A ministra das Finanças Magdalena Andersson e o Presidente do Eurogrupo, Jeroen Dijsselbloem, numa reunião, em Bruxelas.(REUTERS/Francois Lenoir)
A ministra das Finanças da Suécia, Magdalena Andersson, e o Presidente do Eurogrupo, Jeroen Dijsselbloem, numa reunião, em Bruxelas.(REUTERS/Francois Lenoir)

Este episódio é só mais um a juntar a outros em que a linguagem, usada metaforicamente ou não, se revela ofensiva e até perigosa para as mulheres.

Em Portugal, a CIG – Comissão para a Cidadania e Igualdade de Género apresentou, em outubro de 2016, uma queixa no Ministério Público contra um taxista que afirmou em direto para a CMTV que “as leis são como as meninas virgens, são para ser violadas”. O taxista desculpou-se depois, publicamente, afirmando que nunca quis defender a violação de mulheres com a comparação, pelo contrário. A queixa acabou por ser arquivada.

O caso mais conhecido é, no entanto, o de Donald Trump, cujo discurso misógino foi uma constante da campanha eleitoral e se tem materializado em algumas medidas que preveem a retirada de direitos às mulheres, nomeadamente direitos reprodutivos.

Mafalda Lopes da Costa considera que a linguagem não é apenas um pormenor e pode levar à legitimação de comportamentos, que, consoante o teor da primeira, serão mais ou menos perigosos.

“Aquilo que me preocupa é de cada vez que alguém profere uma frase daquele género, sem freio mínimo, isso faz com que as pessoas se habituem a ouvir este tipo de coisas e, portanto, há um recuo brutal de todo o trabalho que foi feito até aqui.

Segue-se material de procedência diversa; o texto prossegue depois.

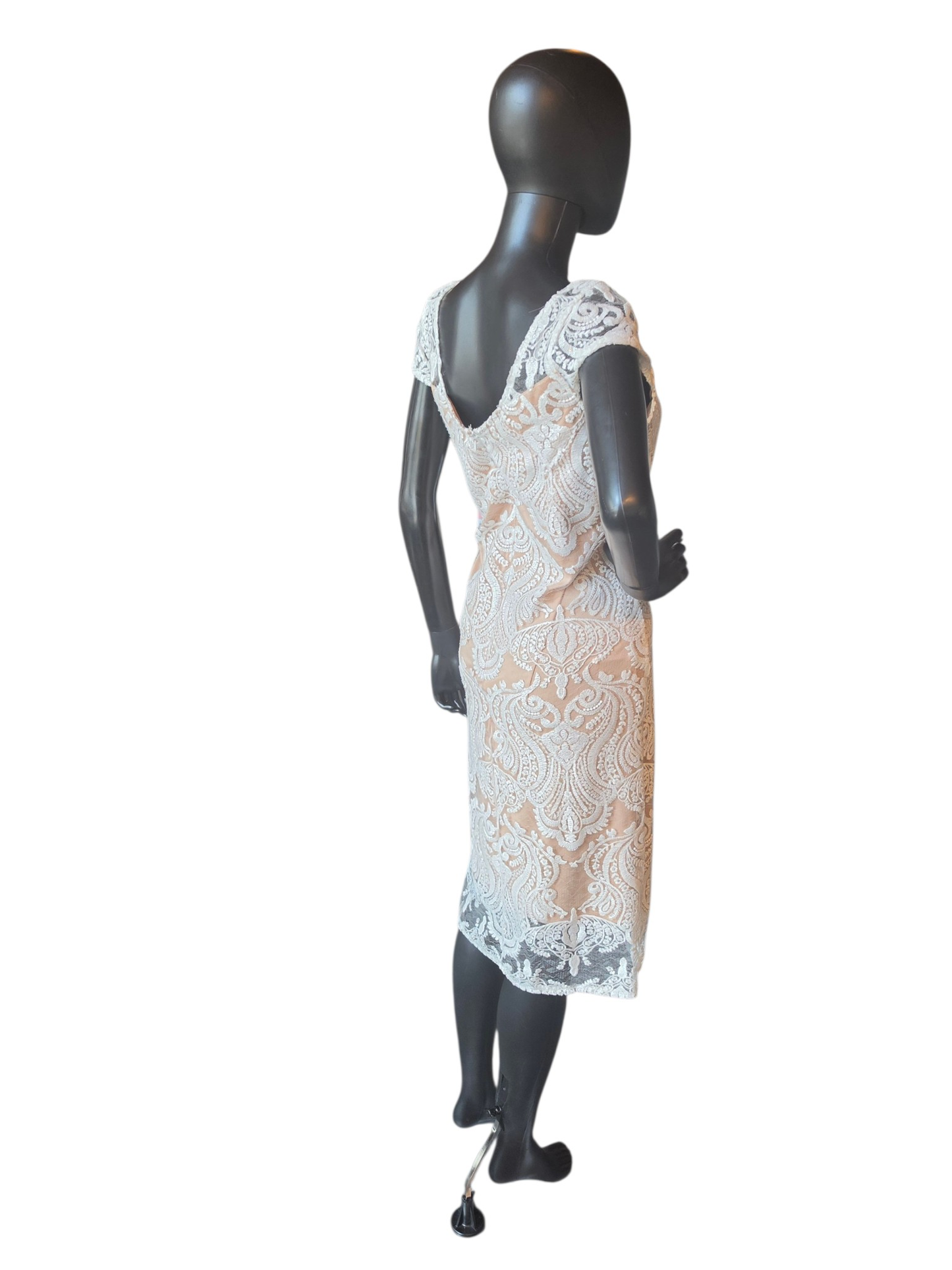 Iv/Nude Lace Cap Sleeve Party/Bachelorette Dress - RM Richards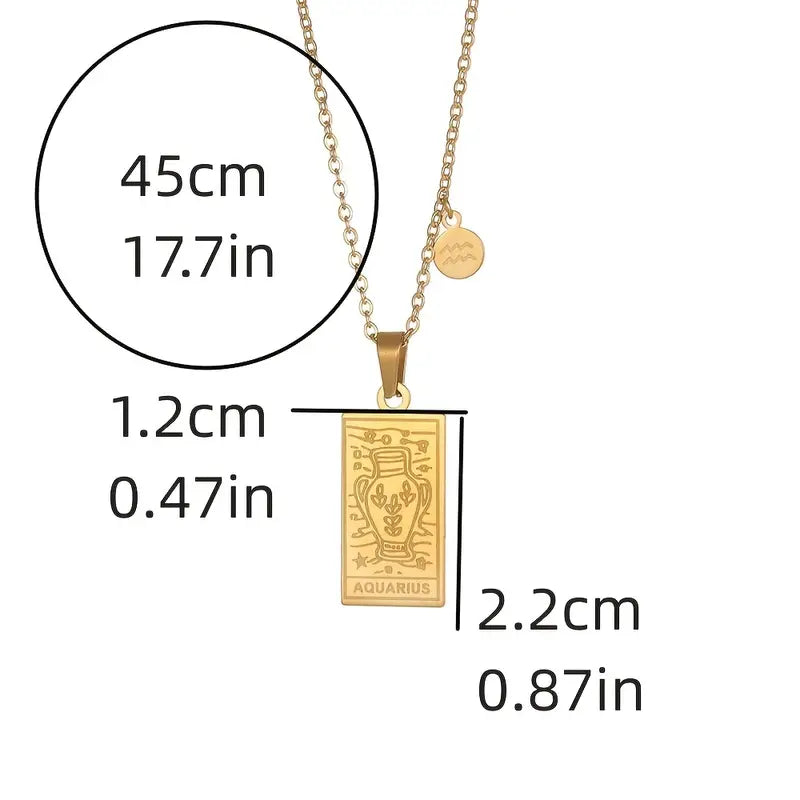 Stylish Zodiac Necklace: Get Creative with Pattern Square Brand's Stainless Steel Pendant!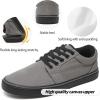imagekufeiti Mens Canvas Black Casual Shoes Sneakers Low Top Lace Up Walking Shoes Sneakers for MenDark Grey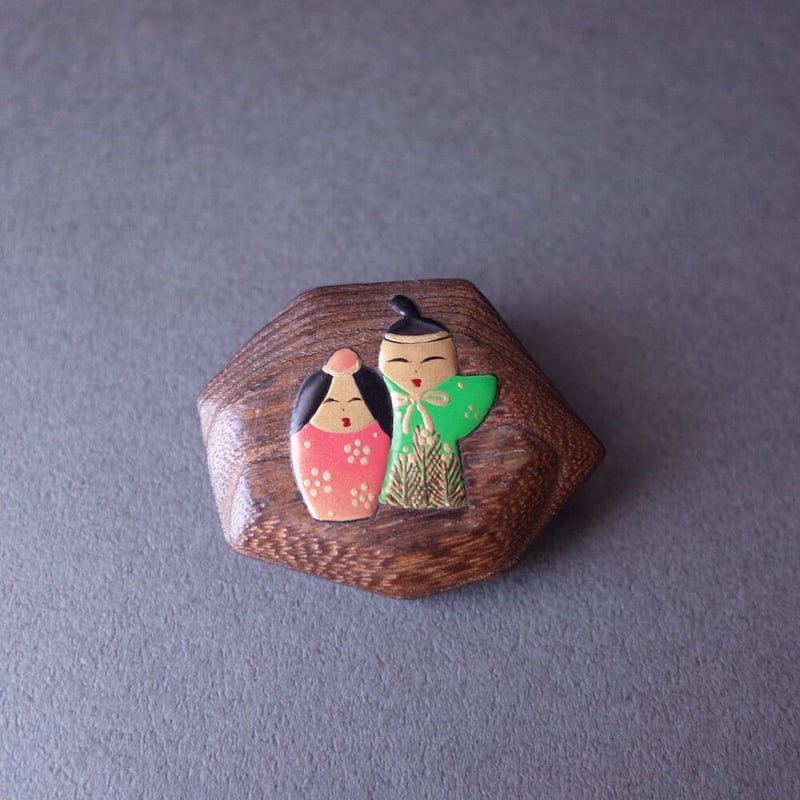 ブローチ 変形 蒔絵入 | 金沢桐工芸 岩本清商店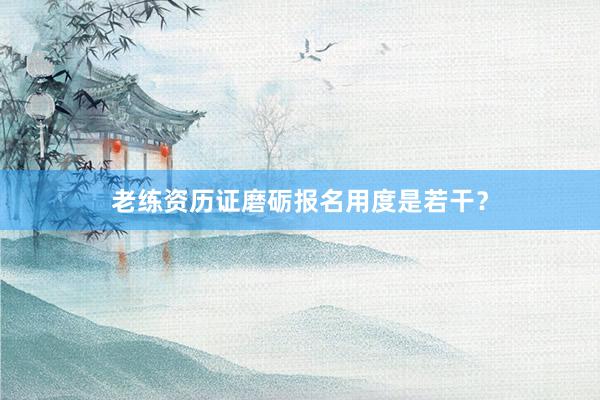 老练资历证磨砺报名用度是若干？
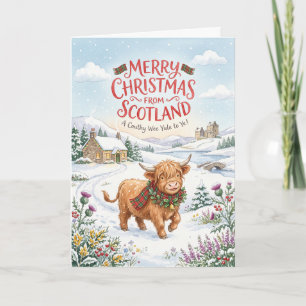 Joyeux Noël Carte Vache des Highlands Écosse
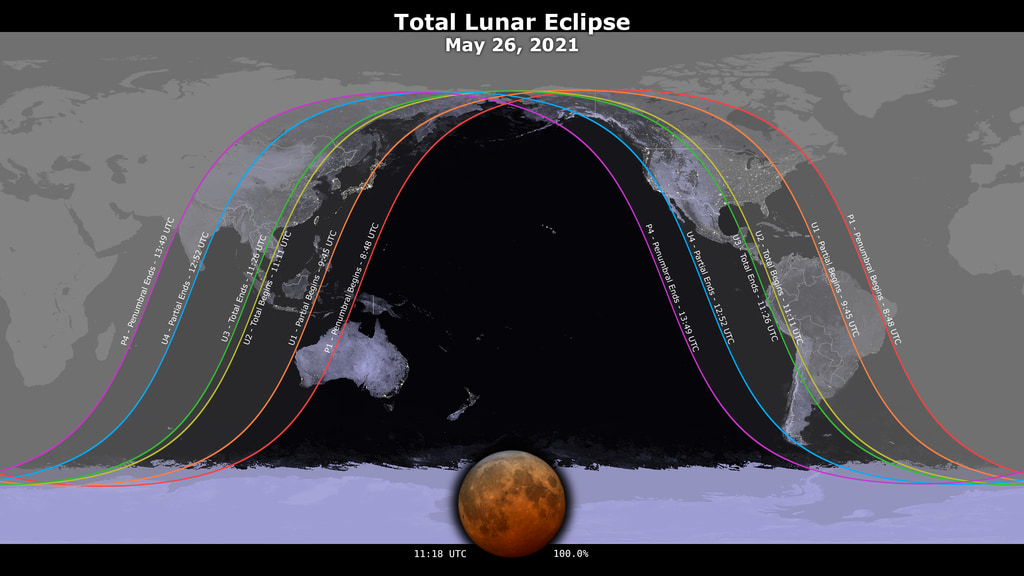 Visibility map for total lunar eclipse of May 26, 2021. Its contents are described in the following paragraphs.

Legitima-se esse tipo de discurso. Se o presidente do Eurogrupo pode dizer uma coisa destas, qualquer um pode dizer. E temos o mesmo problema com o Trump: tanto mente, tanto mente, que qualquer mentira é legítima.”

Governo alemão praticamente isolado no apoio Dijsselbloem
As polémicas de declarações Dijsselbloem e os pedidos de demissão do cargo de presidente do Eurogrupo que se lhe seguiram vieram de vários quadrantes, unindo esquerda e direita e norte e sul da Europa.

Ao primeiro-ministro português, António Costa, juntaram-se todos os partidos portugueses e o Presidente da República, Marcelo Rebelo de Sousa. Em Espanha, Grécia e Itália, mas também nas instâncias europeias o coro de protesto é semelhante. O seu afastamento é exigido pelo presidente do Parlamento Europeu, Antonio Tajani, e pelos Socialistas e Democratas no Parlamento Europeu, família política que o ministro holandês, eleito no seu país pelo Partido Trabalhista (PvdA), integra e que lançou um ultimato: ou Dijsselbloem se demite do cargo ou o seu partido se demarca publicamente das suas declarações sob pena de ser afastado do grupo dos Socialistas e Democratas europeus.

Sem se pronunciar diretamente sobre a continuação do holandês no cargo de presidente do Eurogrupo, o governo alemão, tentou desvalorizar a polémica. Segundo a agência Lusa, que cita a agência de notícias Efe, o porta-voz do Ministério das Finanças, Friederike von Tiesenhausen, afirmou num encontro com os jornalistas, que o ministro das Finanças, Wolfgang Schäuble, “aprecia muito” o trabalho do seu homólogo holandês à frente do Eurogrupo.

Friederike von Tiesenhausen defendeu ainda que deve ser lida na totalidade a parte da entrevista em que faz essas declarações, dando a entender, tal como o autor das declarações, que a citação está fora do contexto.